Il prezzo non è basso: su AliExpress viene proposto a 36.724 rubli, pari a circa 498 dollari; per il mercato europeo il listino indicato è di 369 euro, mentre per Taiwan il prezzo scende a 10.800 dollari taiwanesi, cioè circa 348 dollari, segno che il device sembra pagare anche la componente software e l’ecosistema proprietario.
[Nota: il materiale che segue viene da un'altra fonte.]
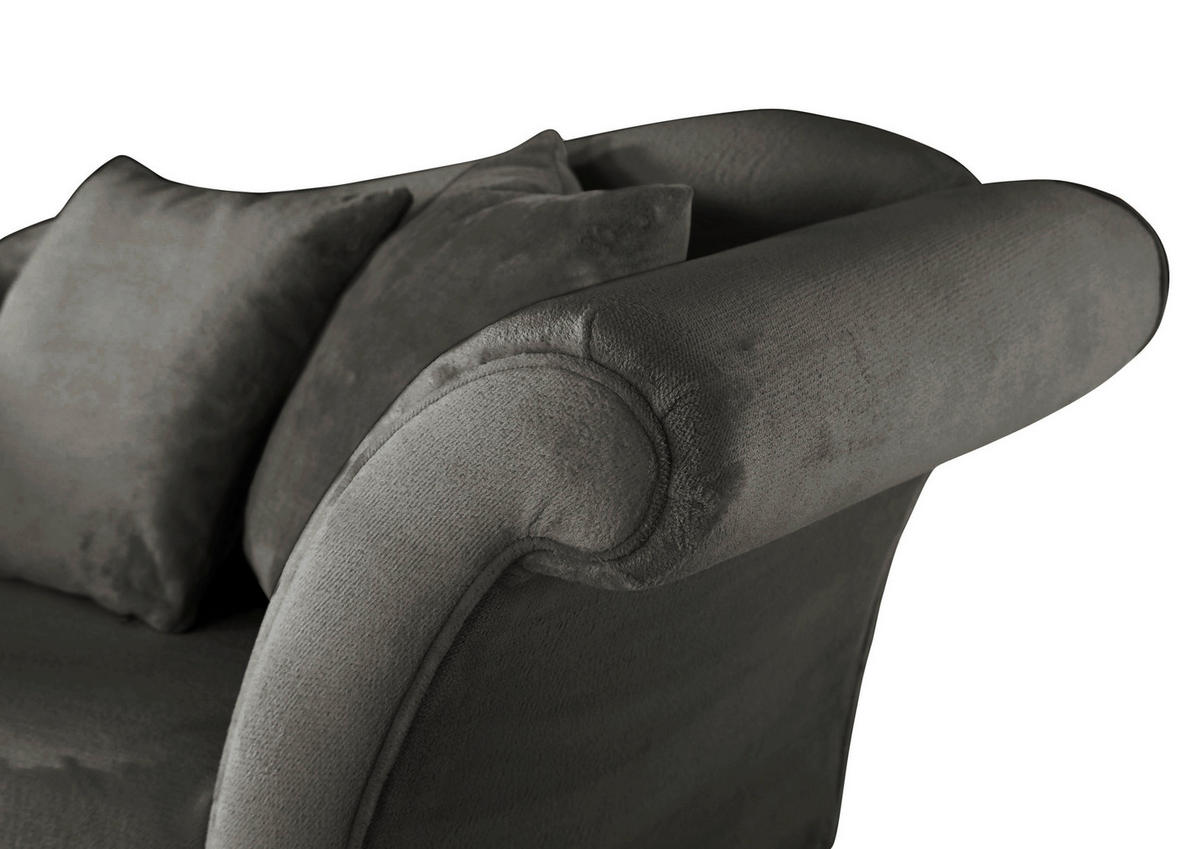 FAUTEUIL in Chenille Anthrazit  - Anthrazit/Schwarz, Design, Textil/Metall (138/83/85cm)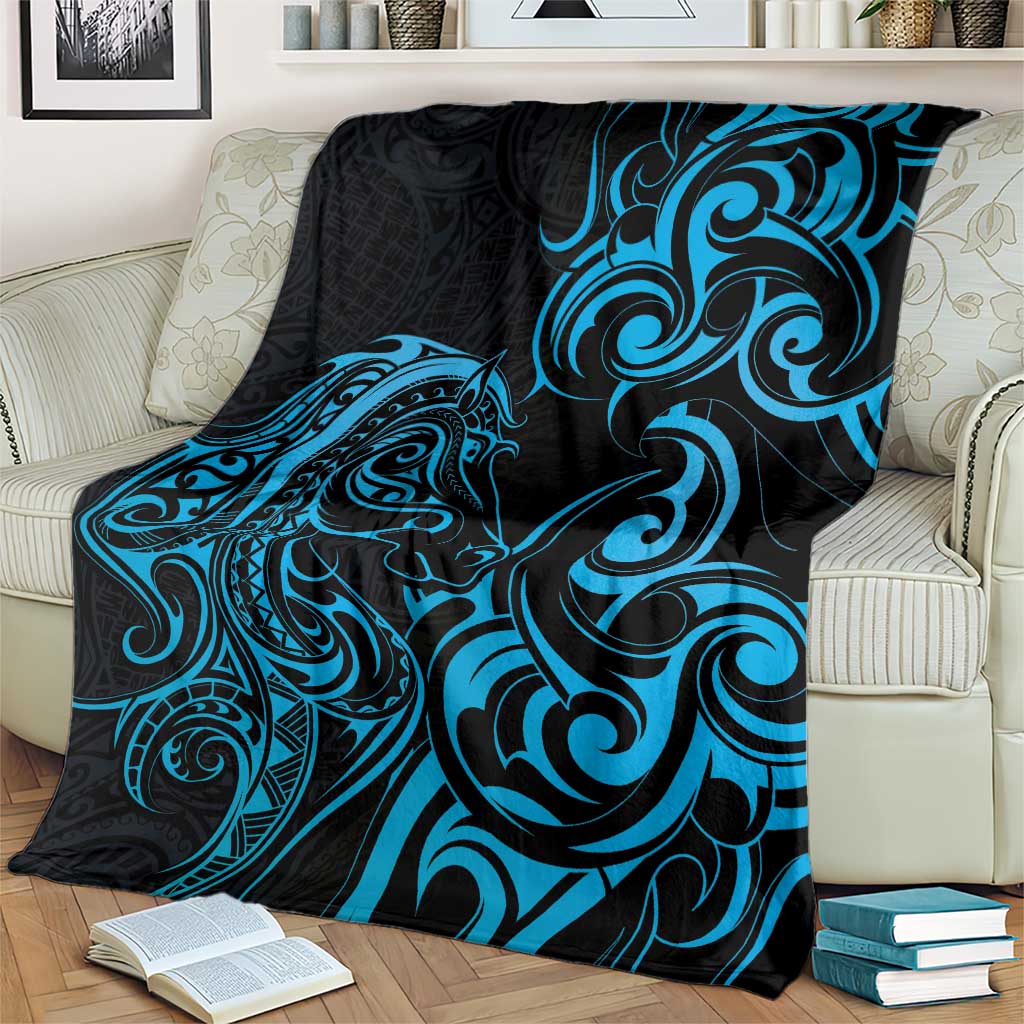 Blue Aoteara Horse Racing Blanket NZ Maori Pattern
La prima caratteristica che distingue Huion Note E è proprio il display “paper-like” Soft Light, che dovrebbe restituire una sensazione più opaca e meno riflettente rispetto a un normale pannello lucido. Si tratta di un IPS da 8,4 pollici con risoluzione 1200 x 1920 pixel, densità di 270 ppi e refresh rate fermo a 60 Hz: numeri onesti per la categoria, ma lontani da qualsiasi ambizione premium sul fronte della fluidità visiva. L’idea, insomma, non è quella di competere con i tablet generalisti più potenti, ma di offrire una superficie più adatta alla scrittura a mano e al disegno rapido, con una resa che richiama più il foglio cartaceo che il classico schermo da intrattenimento.
Sul piano hardware, però, il prodotto non sorprende: sotto la scocca c’è il vecchio MediaTek Helio G99, un chip ormai collaudato ma non certo recente, affiancato da 6 GB di RAM LPDDR4 e 128 GB di memoria interna. È una configurazione sufficiente per gestire note, schizzi, app di produttività e la personalizzazione della interfaccia, ma non fa pensare a prestazioni elevate in ambiti più pesanti. Anche l’autonomia sembra impostata con prudenza: la batteria è da 4.500 mAh e la ricarica arriva a 18 W, un valore che non entusiasma ma che si allinea con l’idea di un dispositivo compatto e votato alla portabilità.Uno dei dettagli più interessanti è il supporto allo stylus, che viene fornito in confezione e può essere agganciato magneticamente al corpo del tablet. Questo conferma il target del prodotto: non un semplice tablet Android con penna opzionale, ma un device concepito per scrivere, disegnare e prendere appunti in modo continuo.
C’è persino un sensore di impronte laterale, una presenza che alza leggermente il livello della dotazione e rende il dispositivo più completo rispetto a molti concorrenti della stessa fascia, spesso più essenziali sul versante sicurezza. Sul retro compare una fotocamera da 8 megapixel con flash e autofocus, mentre sulla camera frontale le informazioni risultano scarse o assenti, il che lascia intuire che Huion non abbia puntato molto sulla videochiamata o sull’uso da tablet tradizionale. Manca anche, almeno da quanto emerge dalle specifiche diffuse, il supporto alle reti mobili: un altro indizio che conferma la vocazione quasi “da blocco note digitale” più che da terminale sempre connesso. Le dimensioni restano contenute, con uno spessore di 7,4 mm e un peso di 348 grammi, valori che dovrebbero favorire l’uso in mobilità.
Il vero nodo resta il prezzo. A 369 euro in Europa, Huion Note E entra in una zona delicata, perché chiede una cifra non trascurabile per un tablet con hardware noto e batteria modesta, giustificandosi soprattutto con il pacchetto software, l’esperienza di scrittura e il posizionamento di nicchia.